_SUPPLIED MATERIAL_
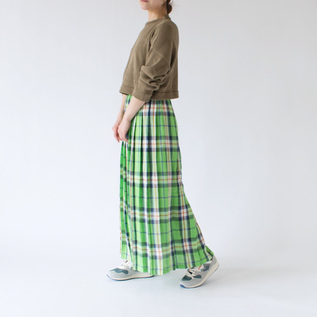 リネンプリーツマキシスカート／ONEIL OF DUBLIN（オニール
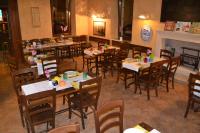 Restauracja lub miejsce do jedzenia w obiekcie Locanda La Sosta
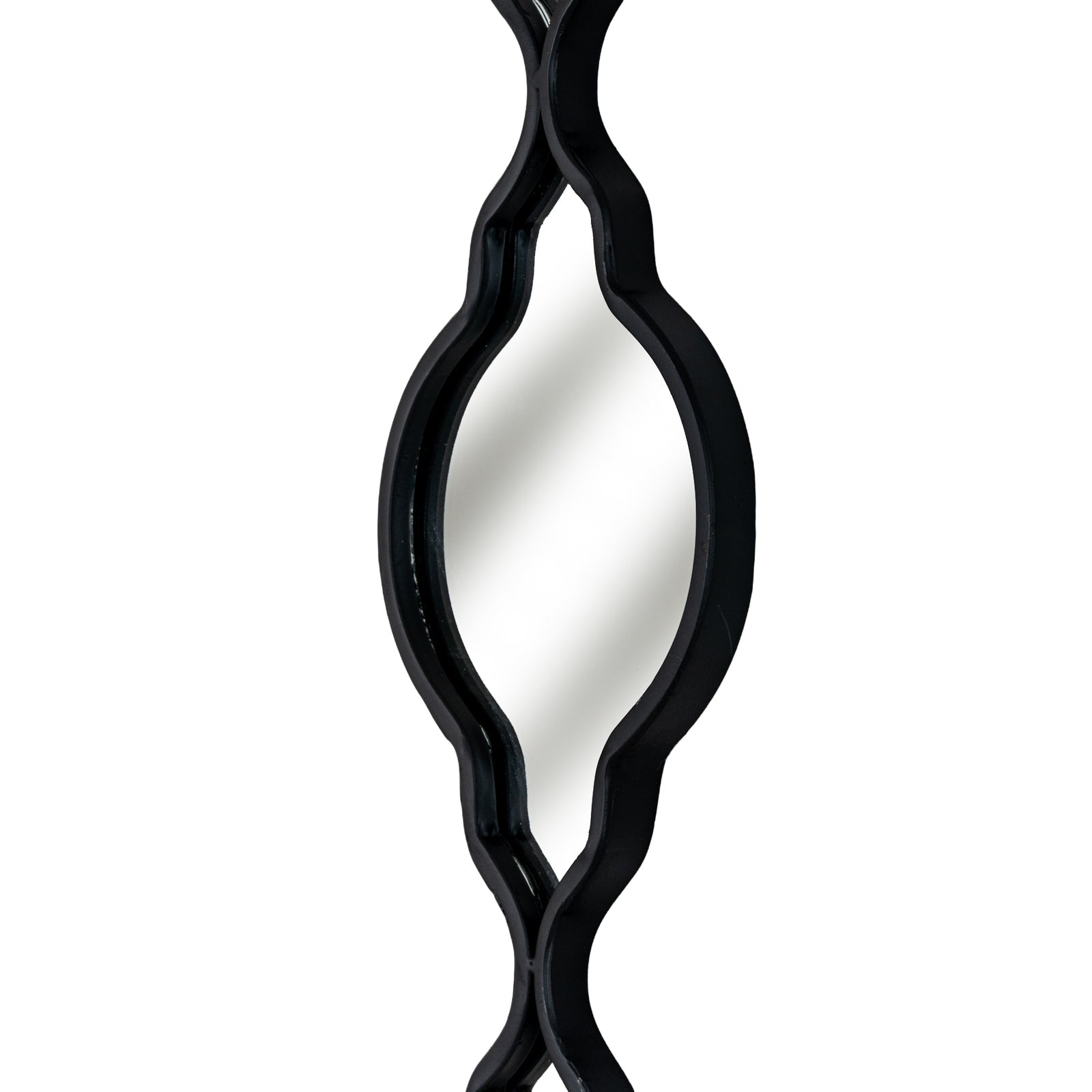 Black Quarterfoil Decorative Hanging Mirror [cid:24533-b]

_DIRECTIONS_
Give the data again exactly as written, with all pictures left out.

_SOLUTION TO THE PROBLEM_
 リネンプリーツマキシスカート／ONEIL OF DUBLIN（オニール
 Restauracja lub miejsce do jedzenia w obiekcie Locanda La Sosta
 Black Quarterfoil Decorative Hanging Mirror [cid:24533-b]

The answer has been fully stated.